Version: main 🚧

Active-team Token-scoped RBAC — Design

Status: Proposed Owner: Platform Eng Spec: 104 — Team-scoped RBAC Last updated: 2026-04-22

Why this exists

Today, the RBAC stack has all the right ingredients but assembles them inconsistently:

The Slack bot mints a user-scoped token (RFC 8693 token-exchange / Keycloak impersonation) — good.
It then drops that token somewhere between the bot, the BFF, and dynamic-agents. Live evidence: AgentGateway logs show jwt.sub = service-account-caipe-slack-bot even though the bot logs say OBO impersonation succeeded.
"Team scope" is half-implemented: the bot resolves a CAIPE team_id from channel_team_mappings, but only the RAG path forwards it (as X-Team-Id). The chat path drops it entirely.
X-Team-Id is an unsigned out-of-band header — easy to forge, easy to drop, invisible in audit logs that only capture the JWT.

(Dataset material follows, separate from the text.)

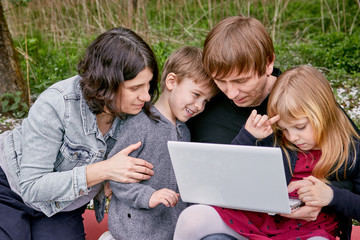 Young parents with their children study in a flowering garden. Against the background of green grass. A happy family.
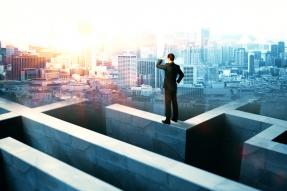 Businessperson on maze wall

This design replaces the ad-hoc header with a signed JWT claim called active_team that rides end-to-end inside the user's access token.

What `active_team` is

active_team is a custom claim in the user's signed access token. It tells every downstream service which one of the user's teams the current request is acting on behalf of.

Example token (decoded)

{
  "sub": "user-uuid-of-srady",
  "preferred_username": "sraradhy",
  "realm_access": {
    "roles": [
      "chat_user",
      "team_member",
      "team_member:team-platform-eng",
      "team_member:team-sre",
      "tool_user:jira_search_issues"
    ]
  },
  "active_team": "team-platform-eng",
  "aud": "agentgateway",
  "iss": "http://keycloak:7080/realms/caipe",
  "exp": 1776999000
}

Why a signed claim instead of `X-Team-Id`

Property	`X-Team-Id` (header)	`active_team` (claim)
Tampering	Forgeable by anything in the request chain	Signed by Keycloak; AGW verifies the signature
Audit trail	Lost between hops; needs separate log correlation	One token reveals `sub` + `active_team` + `aud` together
Cross-service plumbing	Must be re-added at every hop (BFF, DA, AGW) — easy to drop, which is exactly today's bug	Forwarded automatically with `Authorization: Bearer`
Replay/anomaly detection	Custom logic	Same JWT lifetime + revocation rules as identity
AGW CEL evaluation	`request.headers["x-team-id"]` (untrusted)	`jwt.active_team` (trusted)
Membership safety	Bot must remember to enforce "user ∈ team" before sending	Bot enforces at mint; AGW re-verifies via CEL

Special values

`active_team` value	Meaning
`"<team-id>"`	Request is acting on behalf of a specific CAIPE team. AGW enforces user is in that team.
`"__personal__"`	Personal mode (Slack DM, web UI for users with no teams). No team-scoped tools allowed; only `tool_user:*`, `tool_user:<name>`, `admin_user`, `chat_user` rules apply.
(claim absent)	Treated identically to `__personal__` for back-compat during rollout, but emits a warning log. Should not occur post-rollout.

Locked design decisions

These were chosen before writing any code:

Decision	Choice	Rationale
Where `active_team` is set	Per-team Keycloak client scope containing a hardcoded-claim mapper; bot requests `scope=team-<id>` at token-exchange	Confirmed working in spike (Experiment D, see below). Per-token (not per-user), stateless, no race conditions, no per-request user mutation
Membership enforcement	Both bot AND AGW check that user is in `active_team` (defense-in-depth)	A buggy or compromised bot can't grant access to a team the user isn't in
Channel without a team	Reject in Slack with "ask your admin" message	Group channels are always team-scoped
DM (`im`)	Mint with `active_team="__personal__"`	Users can still chat 1:1 with the bot using their personal tool scopes
Web UI	Auto-pick the user's first/only team (or `__personal__` if none)	Avoids extra UI work; team picker is a follow-up
Rollout	Big-bang — replace AGW CEL atomically; no feature flag	One source of truth; less risk of half-migrated drift
`X-Team-Id`	Removed everywhere (chat + RAG + UI)	One mechanism, not two

Sequence diagrams

Reading guide. The Keycloak boxes show what's pre-configured (left of the colon) and what fires per request (right of the colon). The team client scope is created once per team in the lifecycle diagram below; here we show how it gets used.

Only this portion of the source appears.